Krugman penned the column after conservative Republicans successfully ripped out another round of funding for Ukraine in the latest budget showdown last week. The compromise bill to keep the government open for another 45 days passed both chambers Saturday with bipartisan support. Absent from the measure was another $6 billion for Ukraine demanded by both Democrats and Senate Republican leadership. Lawmakers have until Nov. 17 to come to another agreement before a government shutdown.
Krugman criticized the conservative effort to eliminate more Ukraine aid, arguing the amount of tax dollars sent to Eastern Europe is a small budget item.
“Total federal outlays are currently running at more than $6 trillion a year, or more than $9 trillion every 18 months, so Ukraine aid accounts for less than 1 percent of federal spending (and less than 0.3 percent of G.D.P.),” Krugman wrote, as if $6 trillion was nothing to sneeze at. With a national debt of more than $33 trillion and rising, it might be time to question whether spending $9 trillion every 18 months is really sustainable. Instead, his focus is on whether taxpayer spending is a good deal for Ukraine.

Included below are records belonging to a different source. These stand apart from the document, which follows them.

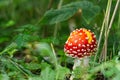 Little fly agaric in the forest asign blured green background with copy space.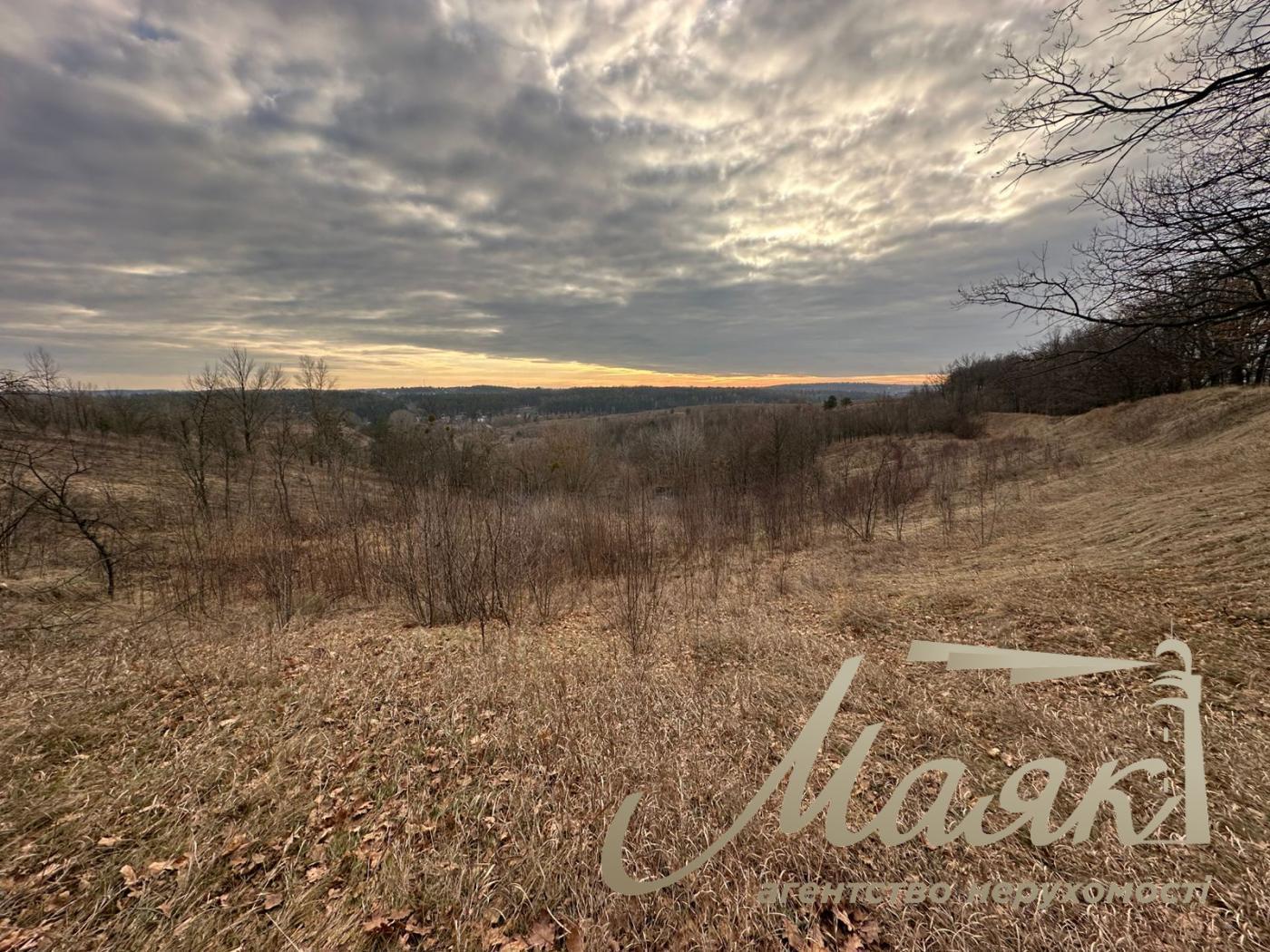 Sale of land for agricultural purposes Shkolnaya, Khodosovka village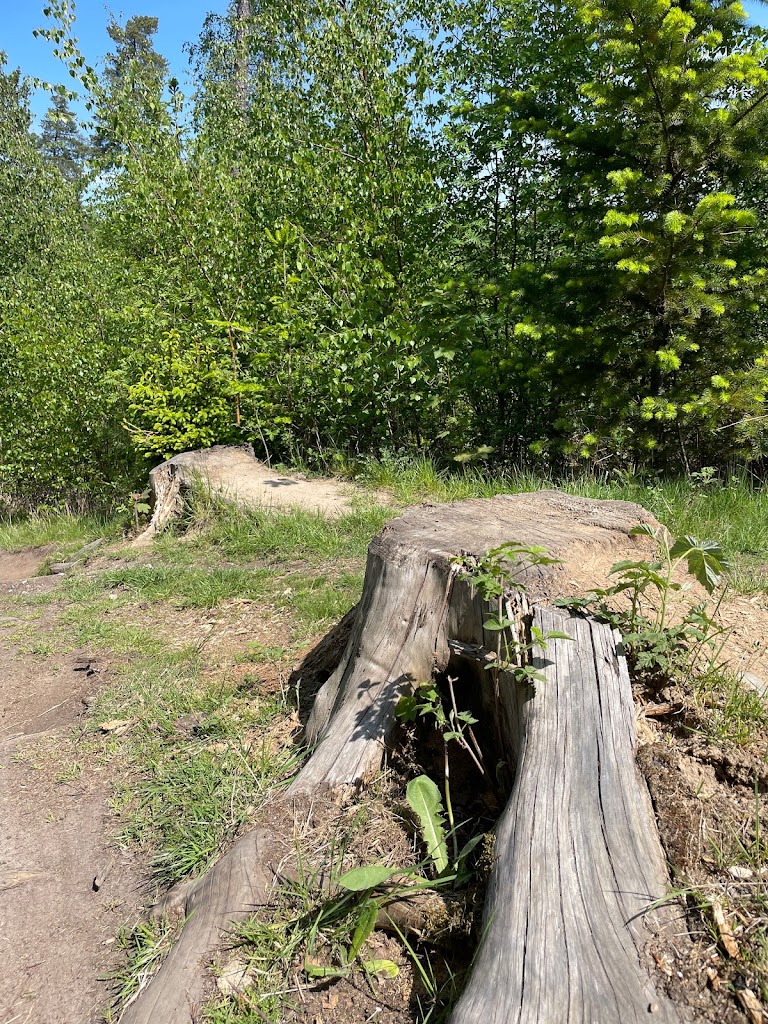 mtb-holte-0.jpeg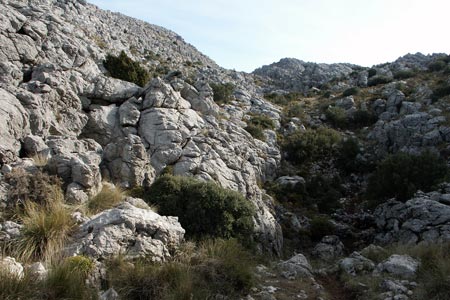 Limestone outcrops near El Torreon's summit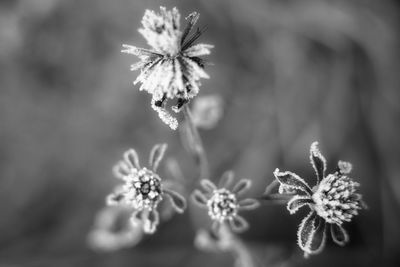 Close-up of wilted flowers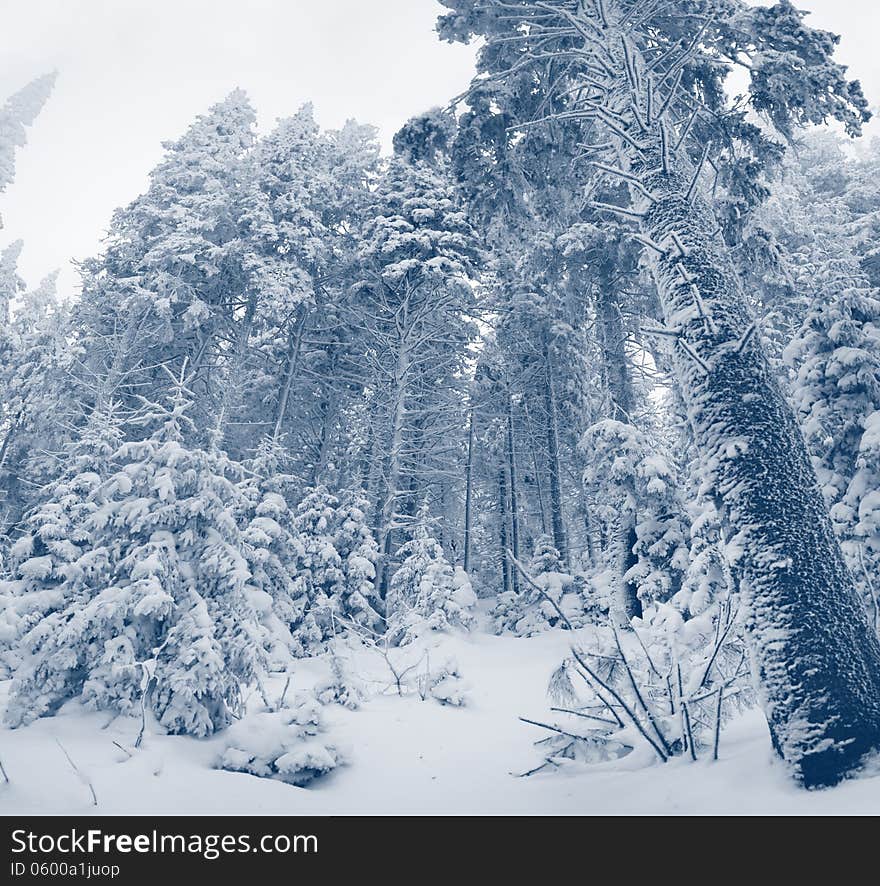 Beautiful winter landscape with snow covered trees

The Biden administration committed more than $113 billion in aid to Ukraine last year, according to the Committee for a Responsible Federal Budget. How much more money does Ukraine need? A blank check, apparently.

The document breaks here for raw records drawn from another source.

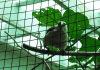 Light welded wire mesh ideal housing for small animals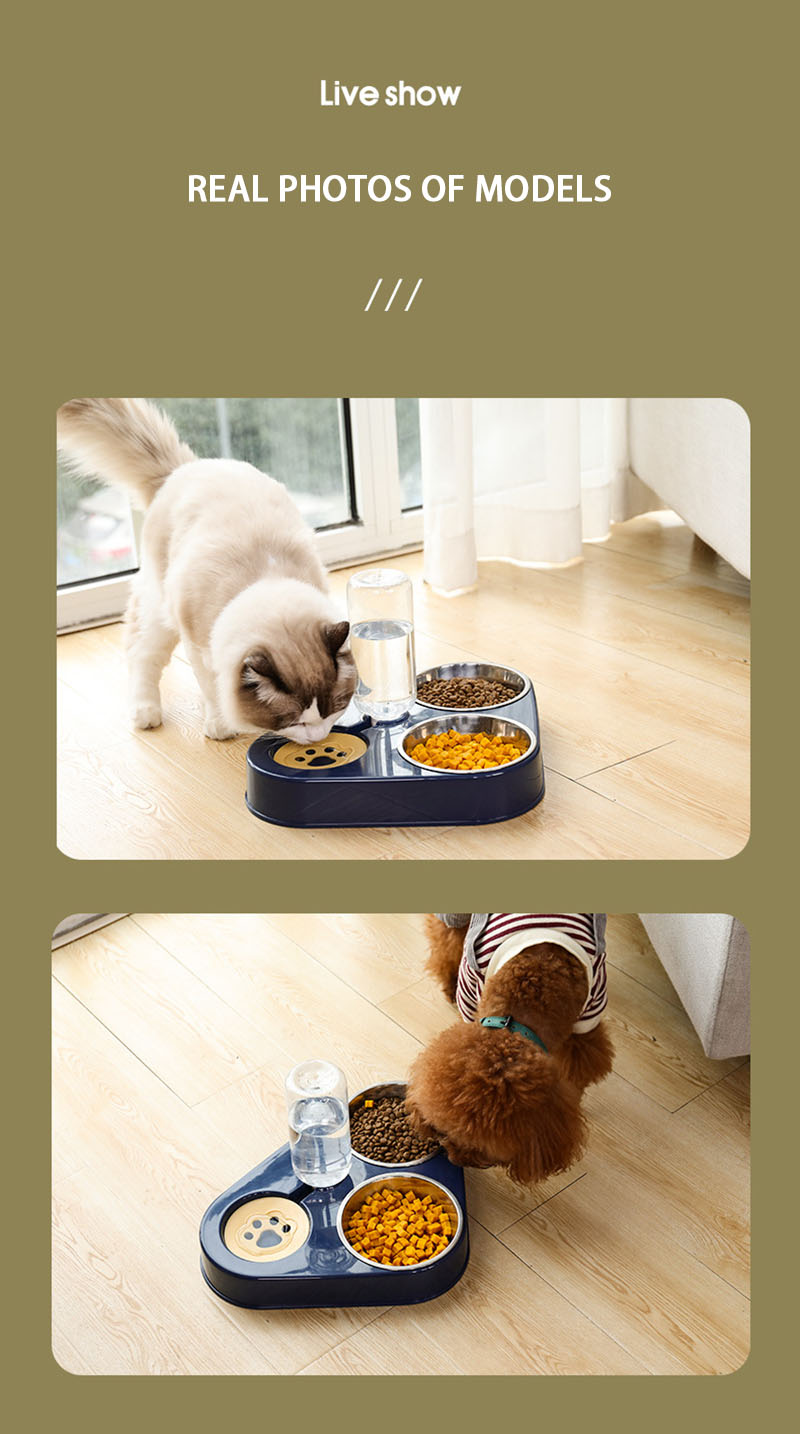 3 in 1 Pets Bowl Feeder Drinking Bowl Stainless Steel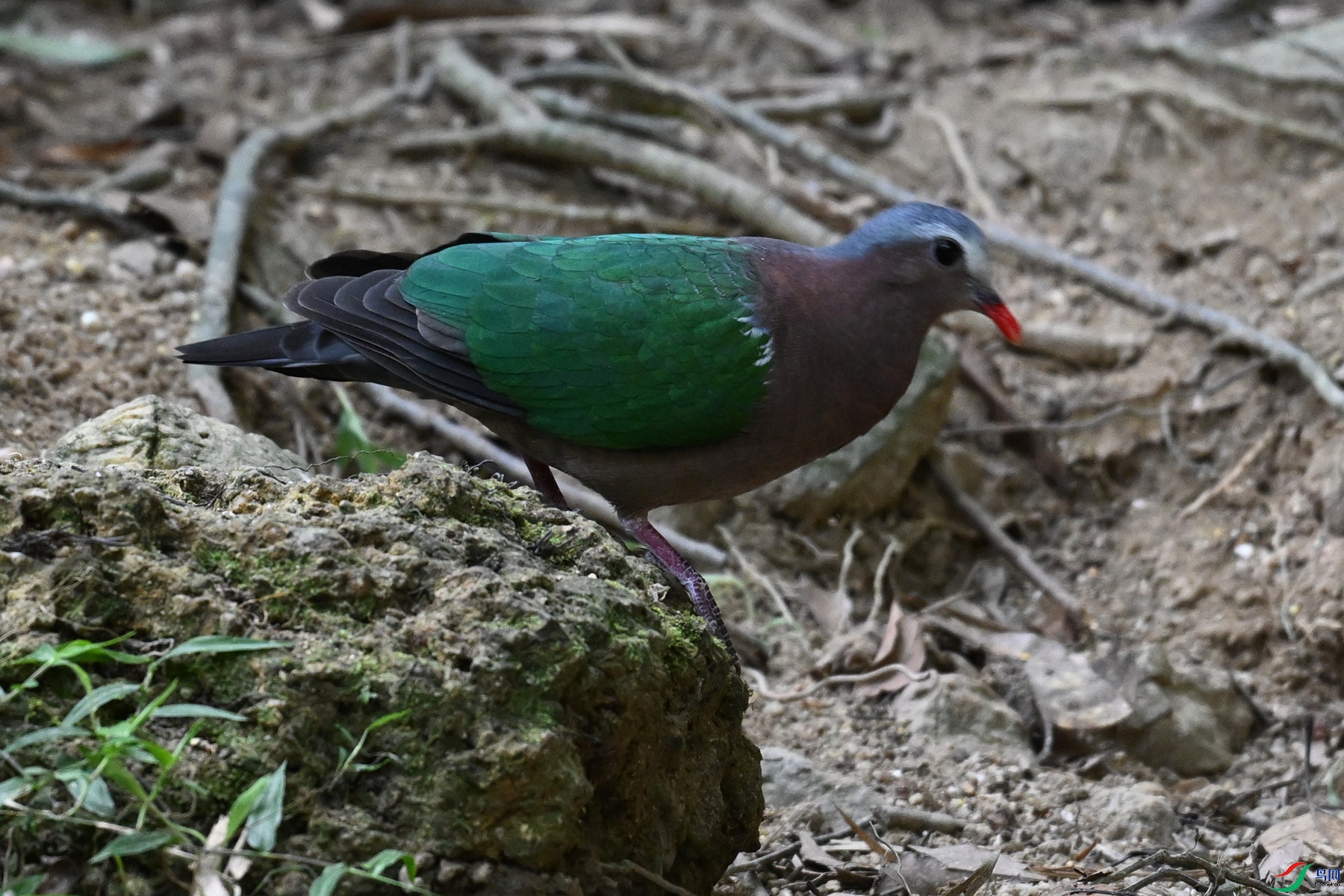 DSC_7480.JPG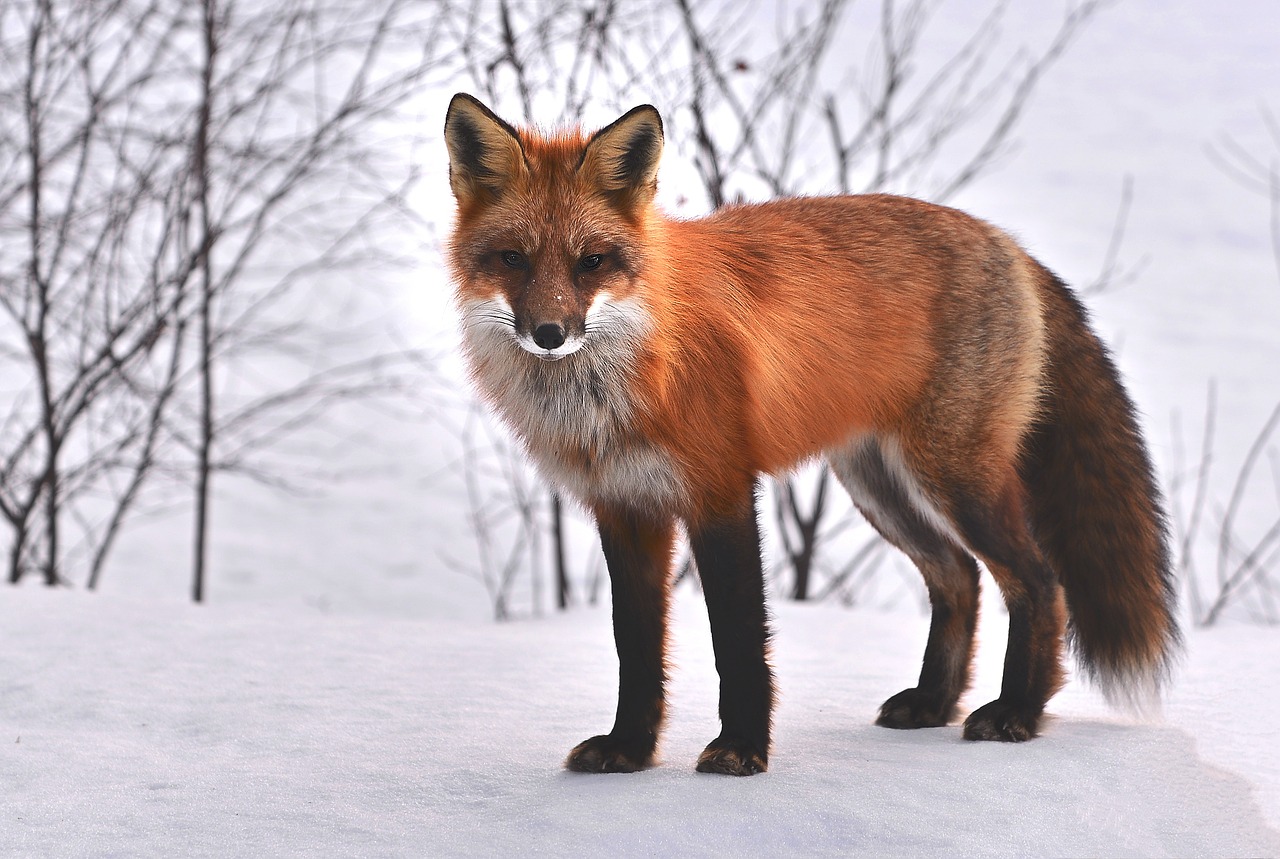 Image - fox nature animals roux fauna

[READ: While You Pinch Inflated Pennies, Congress Sent $900 Of Your Household Income To Ukraine]
“Pay no attention to all those complaints about how much we’re spending in Ukraine,” Krugman wrote. “They aren’t justified by the actual cost of aid, and the people claiming to be worried about the cost don’t really care about the money. What they are, basically, is enemies of democracy, both abroad and at home.”
In other words, anything less than unchecked funding for the war effort, according to Krugman’s view, is antithetical to “democracy.” But is Ukraine even a democracy? In March, Federalist Senior Editor David Harsanyi outlined how it isn’t.

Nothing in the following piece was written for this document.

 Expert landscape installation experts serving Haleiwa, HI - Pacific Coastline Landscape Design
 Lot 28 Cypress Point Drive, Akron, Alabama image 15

“Ukraine — which, before the war, regularly slotted in somewhere beneath Burma, Mexico, and Hungary on those silly ‘democracy matrixes’ left-wingers used to love — isn’t any kind of liberal democracy,” Harsanyi wrote. “Today Ukraine still shutters churches and restricts the free press. Maybe you believe those are justifiable actions during wartime, but under no definition are they liberal. Ukraine has never been a functioning ‘democracy.'”
Supporters of unlimited funding, meanwhile, are touchy when it comes to substantive aid oversight. In December, then-Democrat House Armed Services Chair Adam Smith said claims over lack of oversight “makes me a little crazy.”
“Number one, the focus on that is part of Russian propaganda. All these stories about how the money isn’t being spent wisely,” Smith said at the Reagan National Defense Forum. “Second, Ukraine is spending the money really well … That’s why they’re winning.”
The fact that Ukraine hasn’t lost the war, apparently, is all the evidence the Washington lawmaker needs.
In August, Democrats went on to block an effort to implement greater oversight of Ukraine funding. A leaked memo from the Biden administration published this week by Politico raised more concerns about where the tax dollars indeed went.
“Biden administration officials are far more worried about corruption in Ukraine than they publicly admit, a confidential U.S. strategy document obtained by POLITICO suggests,” the paper reported. “The administration wants to press Ukraine to cut graft, not least because U.S. dollars are at stake. But being too loud about the issue could embolden opponents of U.S. aid to Ukraine, many of them Republican lawmakers who are trying to block such assistance.”
Put simply, don’t talk about the transparency of taxpayer aid. It’s bad politics.